C’est bien écrit, souvent drôle, parfois de mauvaise foi, voire irritant lorsque l’on se sent écorché par la plume du bonhomme. Un seul défaut peut-être, le fait que l’auteur n’ait pas fait au préalable son autocritique avant de s’élancer à l’assaut de la société française. Mais en toute franchise, pour moins de 5 euros, vous allez quand même en avoir pour votre argent. . .

Étienne Liebig, le justicier masqué

 

 
les-nouveaux-cons-182x300Pour vous donner envie de vous pencher sur l’ouvrage, on a sélectionné notre con préféré, le François Pignon du recueil, la victime de choix: l’étudiant en école de commerce.

« Voilà un drôle de loustic, qui croit aller à l’école pour apprendre quelque chose, et dépense une fortune à faire vivre de pseudo-professeurs incompétents. Il joue au professionnel de la profession alors qu’il se prépare surtout à vendre des savonnettes ou quelque chose d’approchant, s’il n’a pas un père, un oncle ou un frère qui possède son entreprise. Ce n’est certes pas la seule formation qui fait miroiter à ses élèves des places en or et des salaires mirifiques pourvu qu’ils alignent la monnaie et se payent des cours indigents à des tarifs prohibitifs, mais c’est la plus caricaturale.

Ces petits cons sont absolument persuadés qu’ils passent d’année en année grâce à leur valeur et au travail fourni alors qu’en fait, ils récoltent les fruits de leurs paiements. Je paye donc j’obtiens le diplôme. Diplôme qui dépend de l’école elle-même et attire une soi-disant reconnaissance nationale, comme l’indiquent chaque année des dizaines de canards à la mords-moi-le-nœud sous le titre «Le classement des meilleures écoles de commerce ». C’est un jeu national où chacun fait semblant de croire que le diplôme délivre une quelconque compétence dans le domaine du commerce.

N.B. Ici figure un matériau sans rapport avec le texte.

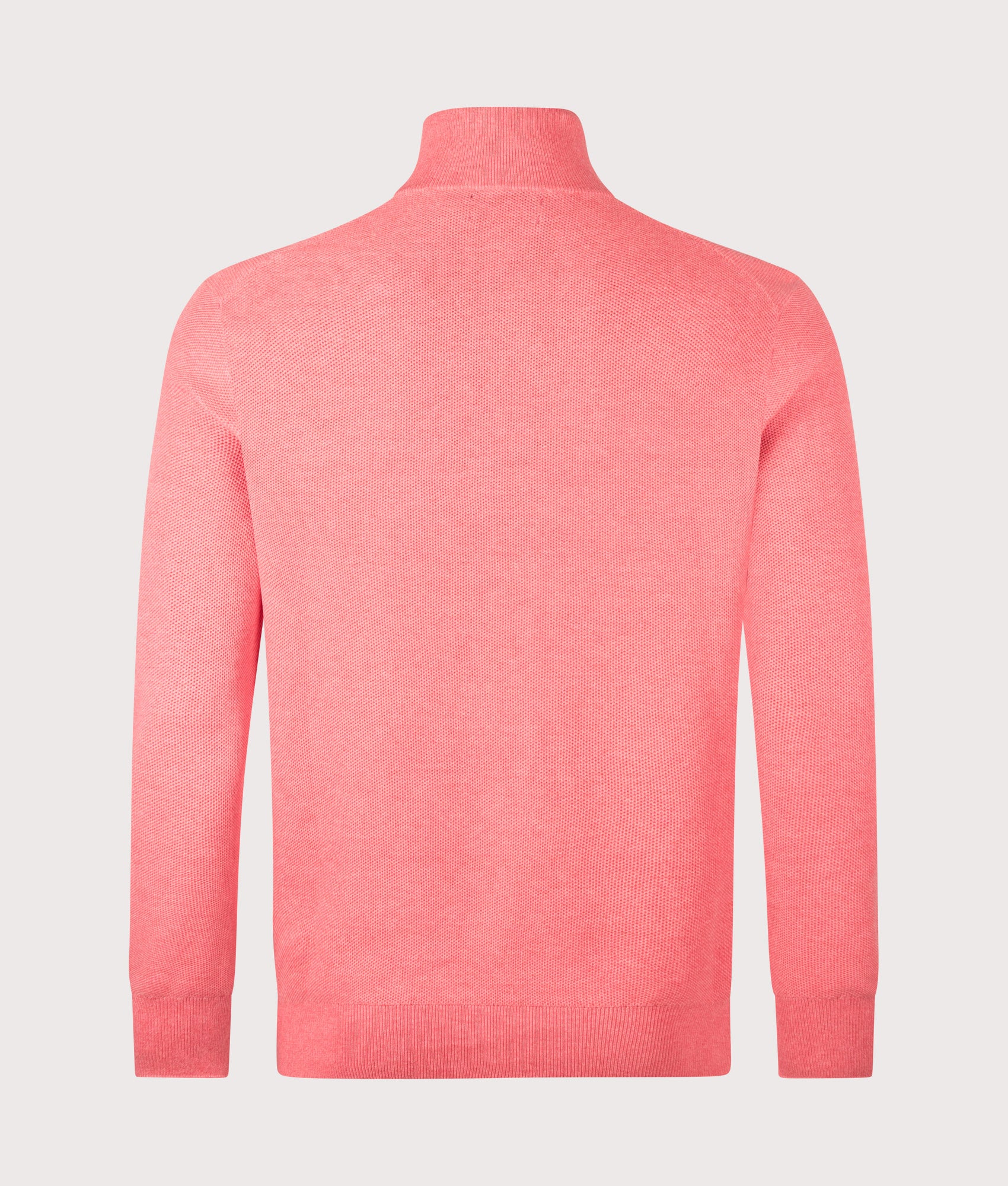 Polo Ralph Lauren Mesh Knit Cotton Quarter Zip Jumper in Cherry Pink Heather at EQVVS Menswear. Back shot.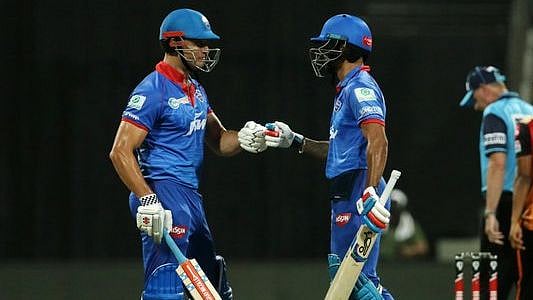 Shikhar Dhawan and Marcus Stoinis during their 86-run opening stand against SRH.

Dans les faits, le seul intérêt de ces boîtes est d’envoyer des élèves en stage durant lesquels ces petits exploités se font des relations et des amis s’ils sont sympathiques et tiennent l’alcool. Chacun sait maintenant que tout le monde peut accéder à ces écoles de commerce, pourvu qu’il paye et qu’une toute petite minorité trouvera un boulot à la hauteur de ses espérances en fin de cycle. Certes, le savoir dispensé dans ces « schools » n’est pas plus bidon qu’en fac de lettres, de psycho ou de socio, mais au moins les élèves de fac ne se la pètent pas et sont conscients que s’ils perdent leur temps, du moins ne perdent-ils pas leur argent.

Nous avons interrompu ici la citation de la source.